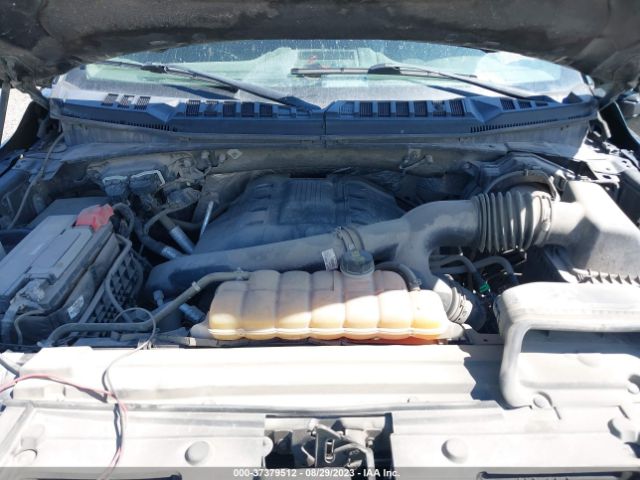 1FTFW1EG4GKD79314 Ford F-150 Lariat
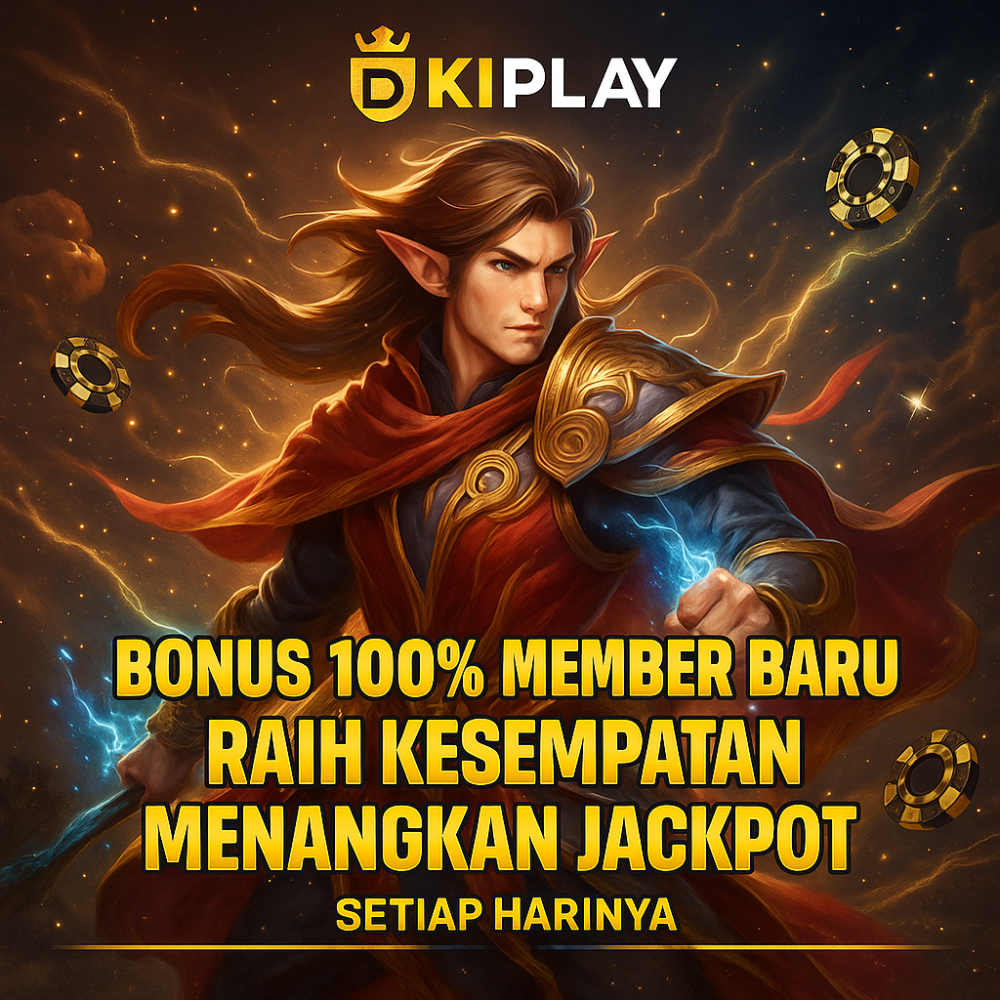 Galeri foto DKIPLAY: Situs Penghasil Cuan Dengan Jackpot Besar di Bali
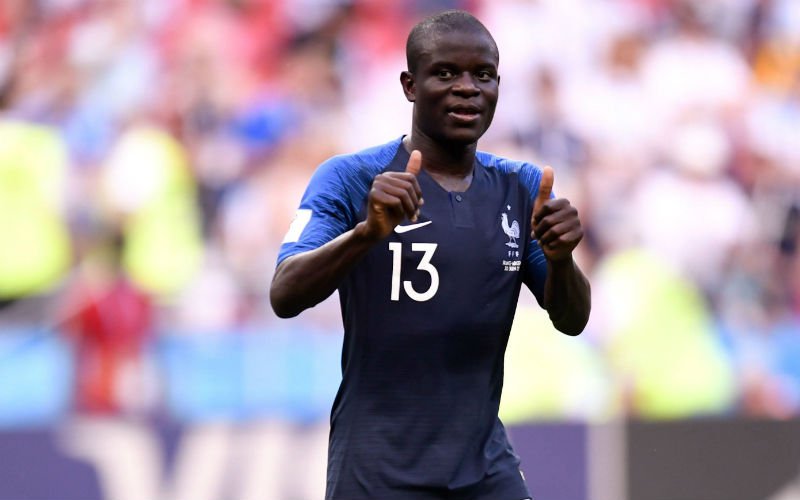 ‘Kanté wil weg bij Chelsea en heeft keuze tussen twee topclubs’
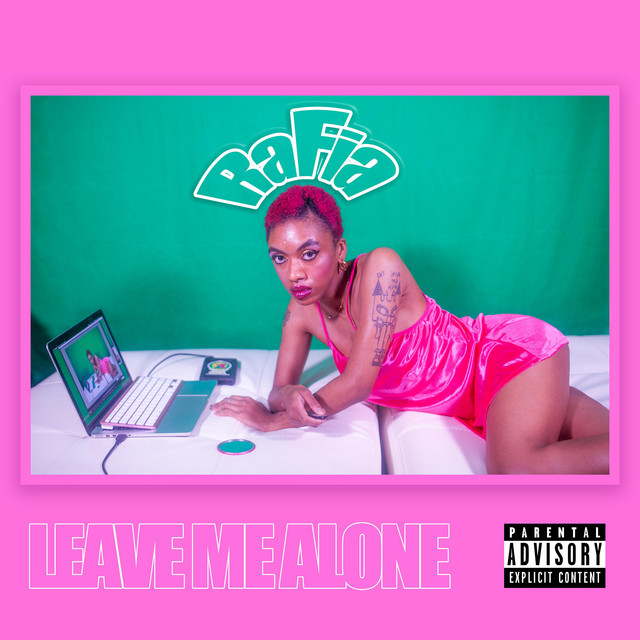 Leave Me Alone cover art
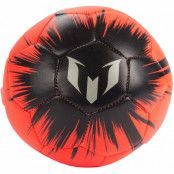 Messi Q1 Mini, Solarred/Black/Dustmet, 1,  Adidas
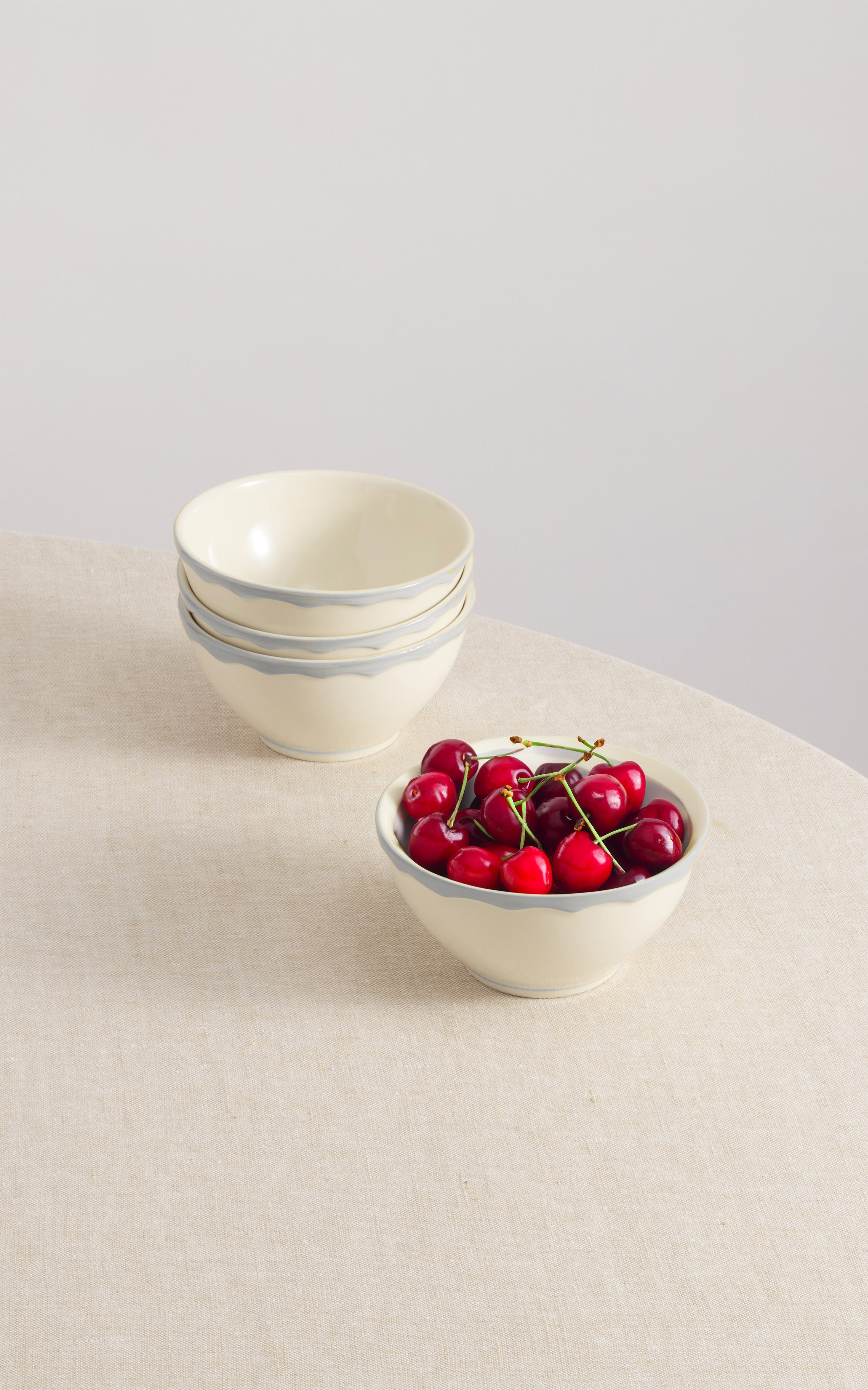 Sylvia Cereal Bowl 6" Set of 4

| What is expected |
Retype every entry word for word, but do not carry over the pictures.

| Output of the task |
 1FTFW1EG4GKD79314 Ford F-150 Lariat
 Galeri foto DKIPLAY: Situs Penghasil Cuan Dengan Jackpot Besar di Bali
 ‘Kanté wil weg bij Chelsea en heeft keuze tussen twee topclubs’
 Leave Me Alone cover art
 Messi Q1 Mini, Solarred/Black/Dustmet, 1,  Adidas
 Sylvia Cereal Bowl 6" Set of 4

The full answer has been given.